On 3 September, Professor Frances Stewart, Emeritus Professor of Development Economics, University of Oxford, and a member of the 2019 Human Development Report Advisory Board, led a seminar titled ‘Equality Across Generations – An Analytic and Democratic Deficit.’

With ever-increasing carbon dioxide emissions, depleting species diversity and increasing number of catastrophic weather events, what happens today will inevitably impact the future and hence future generations (‘FG’) – i.e., those who are unborn and who cannot yet represent themselves. Ms. Stewart puts forward a compelling argument that there is moral reasoning suggesting that FG should have decision-making power over policies that will impact them.

However, current democracies fail when it comes to involving FG. With no global government to nudge countries to incorporate FG issues, powerful special interest groups such as those for the coal and oil industry, and the absence of FG in decision-making bodies, Ms. Stewart argued that there is an urgent need to design democratic institutions to include FG in decisions which affect them in a significant way.

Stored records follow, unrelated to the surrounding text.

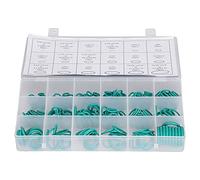 Cocoarm Kit d'assortiment de Joints Toriques en Caoutchouc NBR, 270 Pièces, 18 Tailles, Ensemble de Rondelles d'étanchéité Vertes pour Réparation Pneumatique Hydraulique de Robinet Automobile, 40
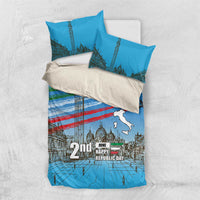 Italy Republic Day Bedding Set Festa della Repubblica with Frecce Tricolori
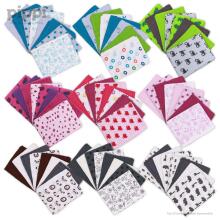 Pippi 1266 Diapers ass. printed 70x70 crochet edge (1-pack)
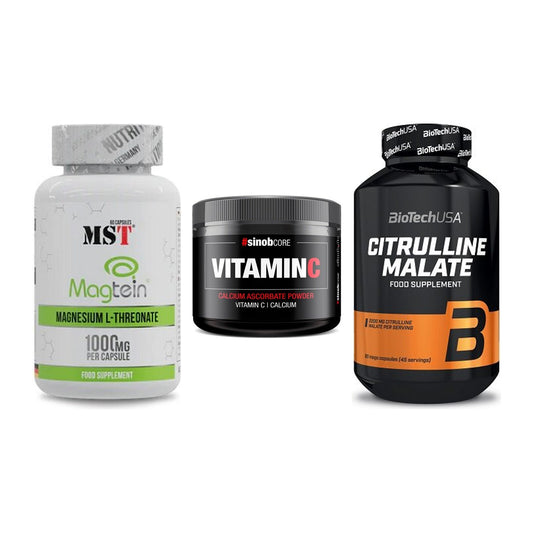 Ausdauer-Set: MST Magnesium + Sinob Vitamin C + BioTech Citrulli – alle enthaltenen Artikel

She shared various ideas for inclusion of FG, including reserving government seats for people who would represent FG, building FG-related ministries or departments in every government and even creating a ‘UNIFGEN’ - a future UN organization dedicated to advocating for FG issues.

While several countries have built institutions and mechanisms to safeguard FG and promote intergenerational justice – such as in Finland, Hungary, Israel, and Wales – progress is slow. Systematically thinking about future generations everywhere is urgent, yet it will take time. This is shown by the fact that we have yet to succeed in getting justice for the present poor let alone the future poor, says Ms. Stewart. While consideration of the needs of FG is urgent it should not be at the expense of the current poor.

Even looking at current measures of development such as the Human Development Index (HDI), Ms. Stewart argues that the HDI is a measure and ranking of what is happening today. It still needs to reflect what will happen in the future to FG, at the expense of actions taken today. The measurement of income – GNP – also fails to incorporate sustainability considerations.

In closing, the esteemed professor reiterated that ‘justice within generations must parallel justice across generations,’ calling for more deliberative discourse on future generations so that the leave no one behind agenda incorporates the needs and rights of those unborn.